La labellisation de l'huile d'olive de Kabylie est reconnue enfin comme seule et unique condition pour la commercialisation de l'huile d'olive de Kabylie. Au niveau national comme à l'international, celle-ci doit répondre à certaines normes fixées par l'OIC (Conseil international de l'olive) en matière première comme préalable avant d'être proposée au consommateur. Une chose est sûre: à l'exportation, le contrôle est rigoureux et aucune exception n'est admise. L'unique solution est de passer le test.
C'est justement ce qu'ont fini par comprendre une bonne fois pour toutes les différents intervenants dans le circuit de production. Aussi experts que soient les experts de la DSA, l'huile d'olive locale ne sera pas admise sur les circuits commerciaux internationaux sans une labellisation et la certification des normes. Aussi, ces derniers temps, producteurs et spécialistes s'activent pour passer cet écueil. Mais ce n'est pas si facile que cela en a l'air pour au moins deux bonnes raisons.
La première est relative à la vision globale de cette exigence. La labellisation est une procédure qui n'est pas si simple car en fait c'est une expertise à deux niveaux, nationaux et internationaux, visant à établir le fait que le produit est spécifique d'abord et répond aux normes requises ensuite. Puis cette adaptation aux normes légales et de qualité est accompagnée d'une exigence économique, la dimension géographique du produit labellisé. A propos justement de cette dernière exigence, la rencontre, qui s'est tenue à Maâtkas risque de ne pas tenir ses promesses pour une raison importante. La labellisation de l'huile d'olive de Maâtkas ne va pas suffire pour en faire un produit exportable. L'exportation de ce produit ne peut être économiquement viable que si la couverture géographique est étendue à toute la wilaya ou à toute la région de la Kabylie.

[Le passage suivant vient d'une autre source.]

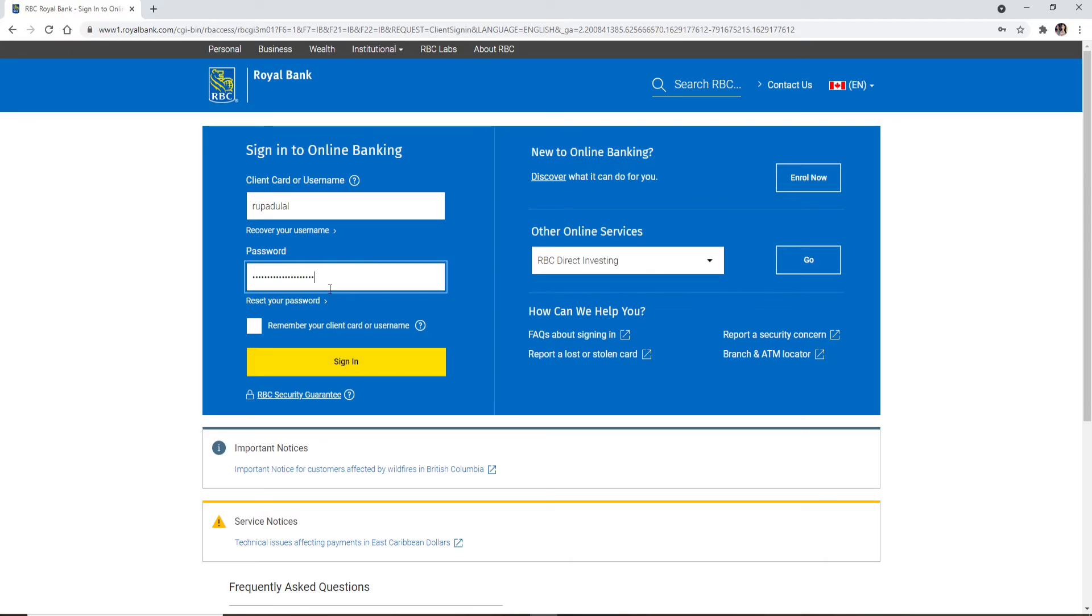Similarly, if you don't remember your password during the process, you can click on the Reset Your Password link right beneath the box. Follow the instructions and you'll be able to reset to a new password.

La deuxième raison est que la labellisation nécessite un travail encore plus acharné dans la chaîne de production. Aussi acharnés que soient les experts de la DSA, ils butent toujours sur le problème du manque de qualité qui frappe l'étape de la conservation. La qualité de l'huile d'olive est largement détériorée à cause des lenteurs accusées par les citoyens. La conservation dure parfois des mois avant que l'olive ne se retrouve à l'huilerie. Aussi, cet obstacle fait que l'huile d'olive affiche toujours un taux d'acidité plus élevé que la norme requise par l'OIC. Le passage à l'export se heurte donc à cet écueil qui n'est pas si facile qu'il en a l'air. Dans les pays producteurs, il existe de grands producteurs qui réussissent à se constituer en coopératives et parviennent à synchroniser leurs actions. En Kabylie, les producteurs sont de simples citoyens qui ont chacun quelques dizaines d'oliviers. Très nombreux, il devient difficile de les sensibiliser ni même d'adopter une stratégie ou une planification. Le défi est là justement.